* **EXERCISE BRIEF**: Restate the data word for word. Leave the pictures out.

* **EXTRACTED RECORDS**:
------------------------------------
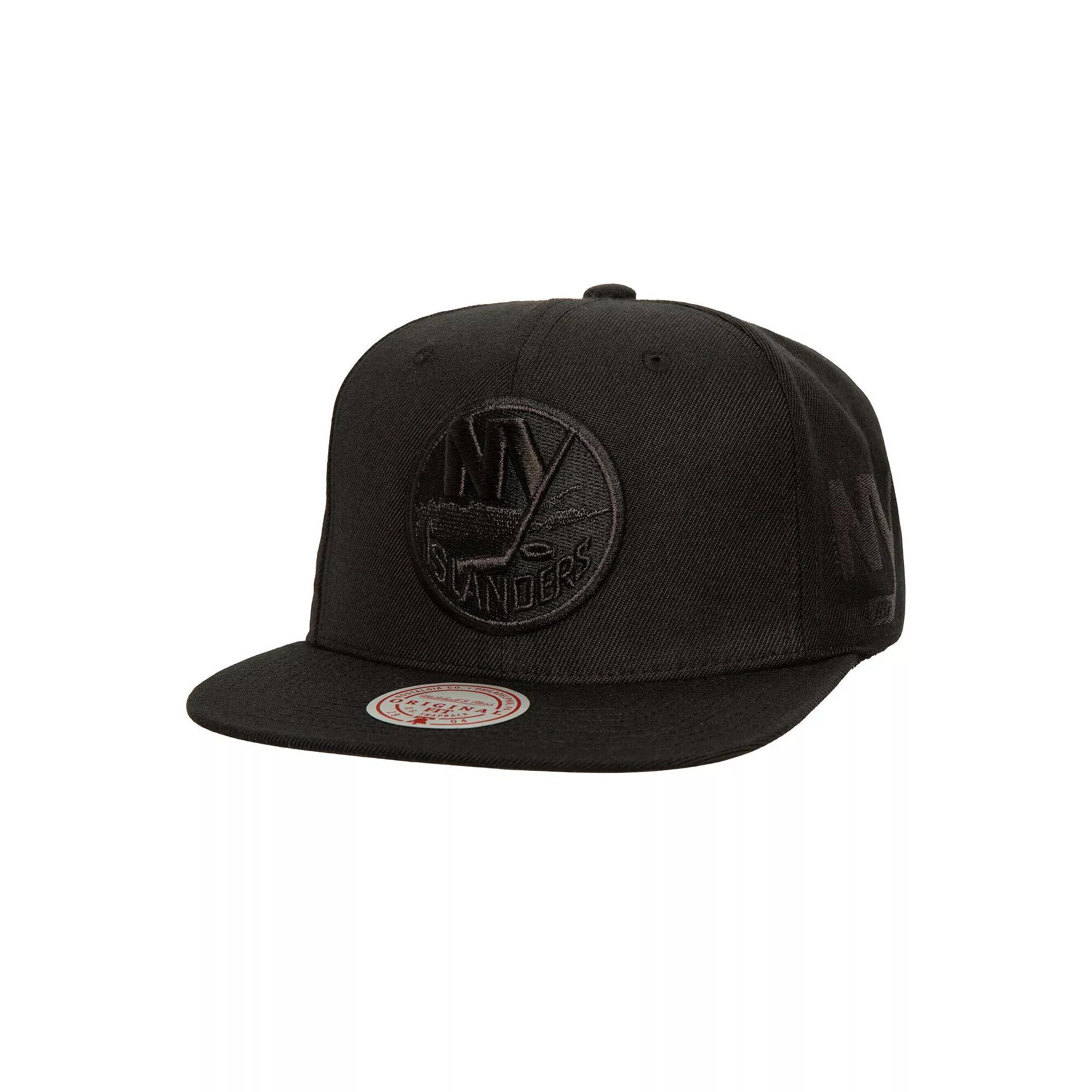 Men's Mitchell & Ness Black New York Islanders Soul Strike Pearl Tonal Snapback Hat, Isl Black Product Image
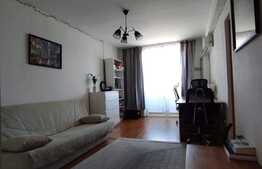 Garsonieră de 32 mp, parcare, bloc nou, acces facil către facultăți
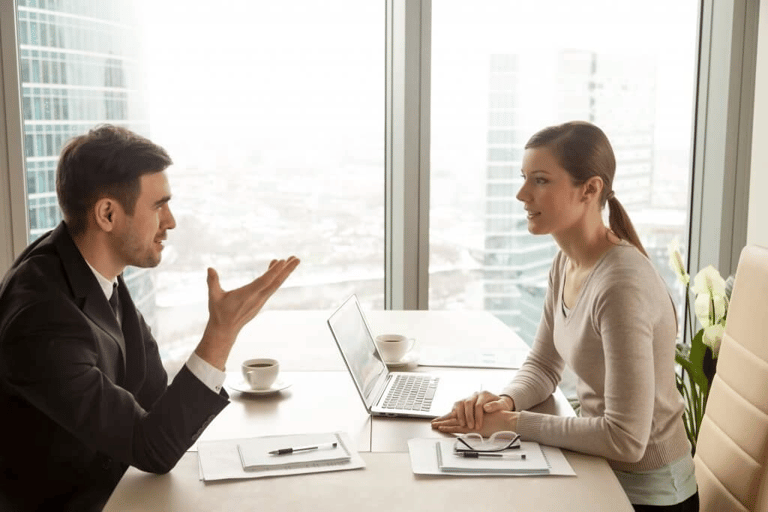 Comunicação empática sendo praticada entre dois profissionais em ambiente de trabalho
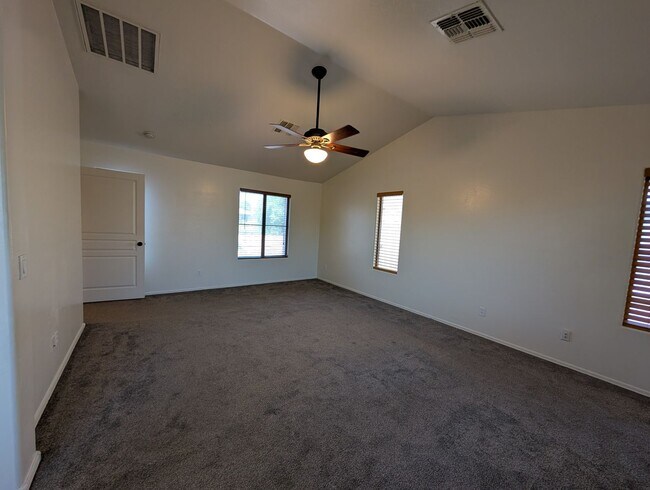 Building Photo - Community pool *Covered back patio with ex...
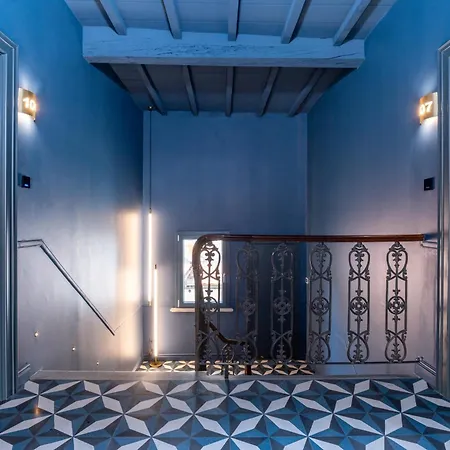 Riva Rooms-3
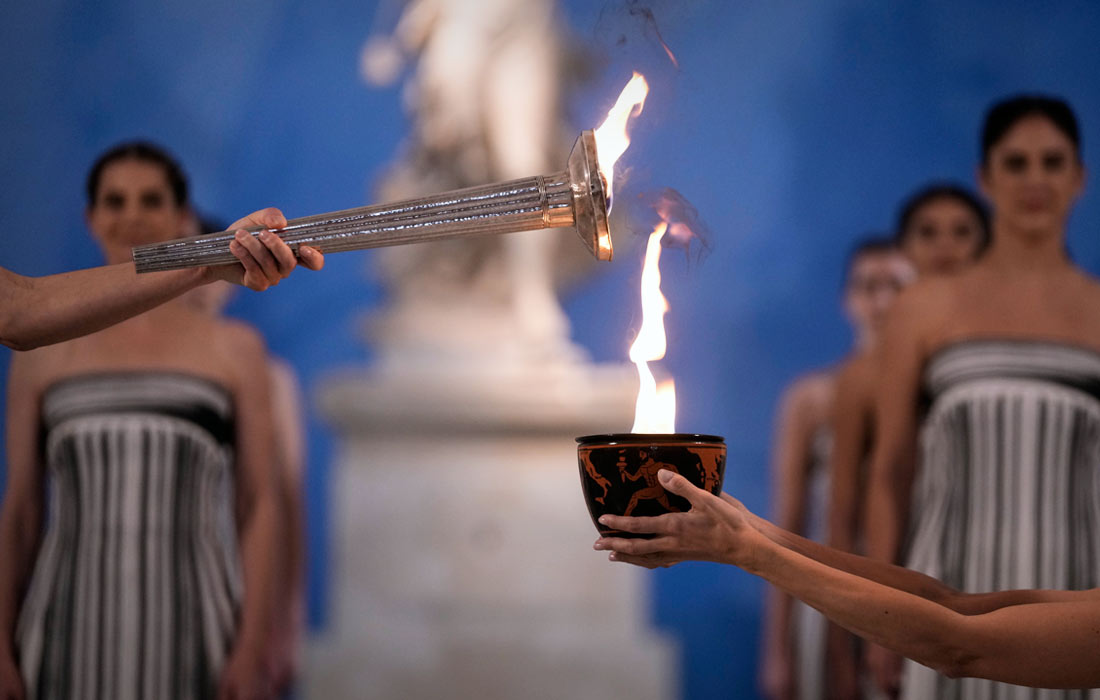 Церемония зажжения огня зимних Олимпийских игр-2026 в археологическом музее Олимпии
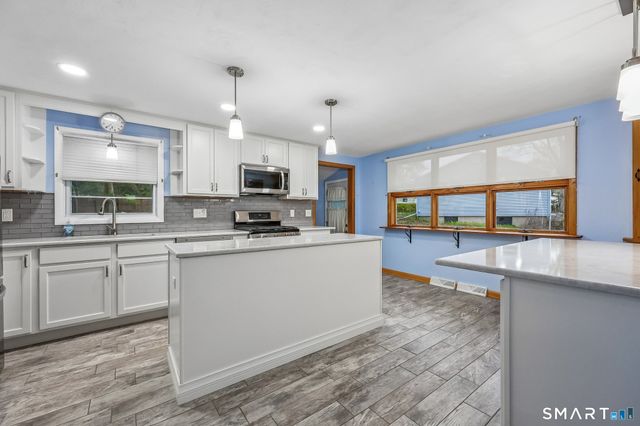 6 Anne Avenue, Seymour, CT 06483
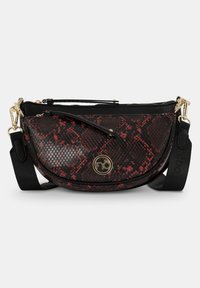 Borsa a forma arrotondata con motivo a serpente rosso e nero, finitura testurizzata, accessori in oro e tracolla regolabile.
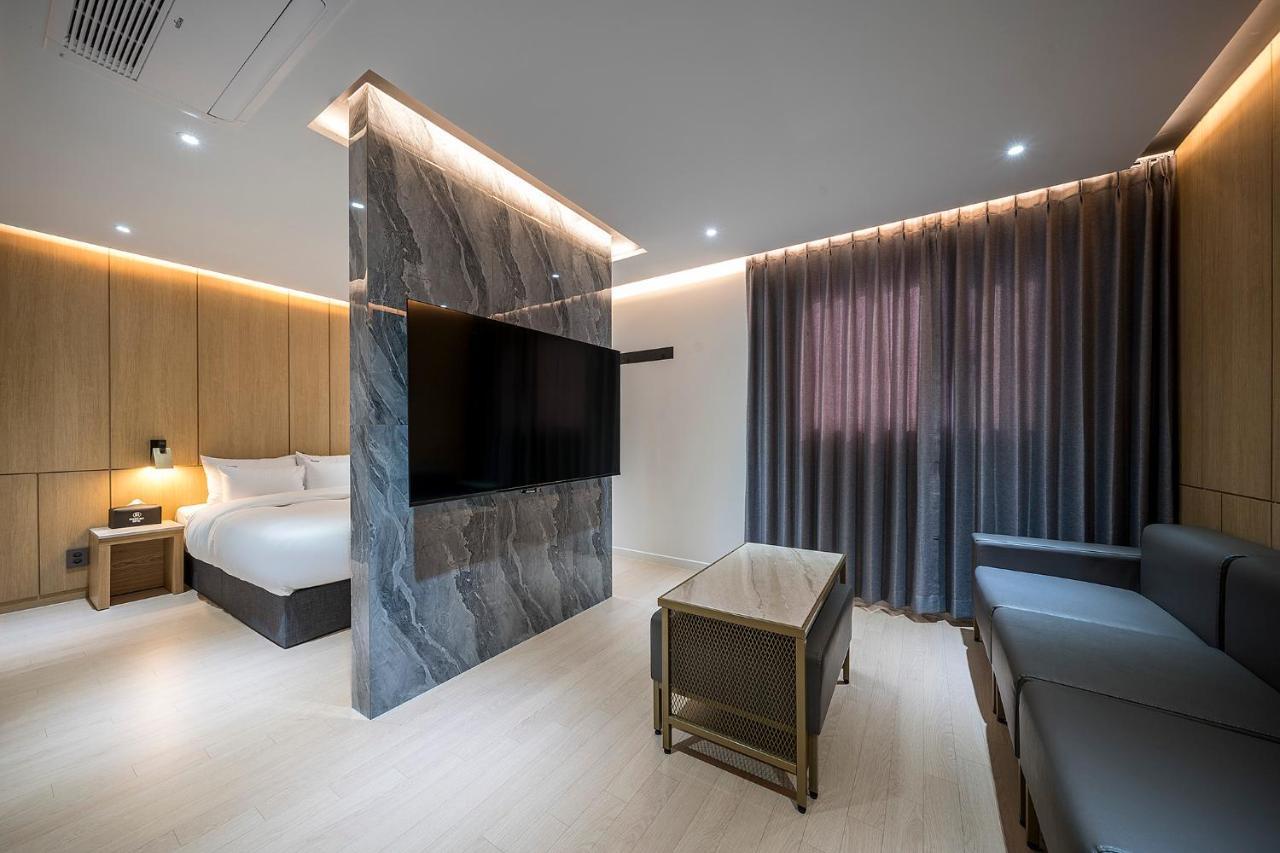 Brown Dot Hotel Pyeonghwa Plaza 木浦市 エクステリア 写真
------------------------------------
* **ANSWER FOR THE TASK**:
 Men's Mitchell & Ness Black New York Islanders Soul Strike Pearl Tonal Snapback Hat, Isl Black Product Image
 Garsonieră de 32 mp, parcare, bloc nou, acces facil către facultăți
 Comunicação empática sendo praticada entre dois profissionais em ambiente de trabalho
 Building Photo - Community pool *Covered back patio with ex...
 Riva Rooms-3
 Церемония зажжения огня зимних Олимпийских игр-2026 в археологическом музее Олимпии
 6 Anne Avenue, Seymour, CT 06483
 Borsa a forma arrotondata con motivo a serpente rosso e nero, finitura testurizzata, accessori in oro e tracolla regolabile.
 Brown Dot Hotel Pyeonghwa Plaza 木浦市 エクステリア 写真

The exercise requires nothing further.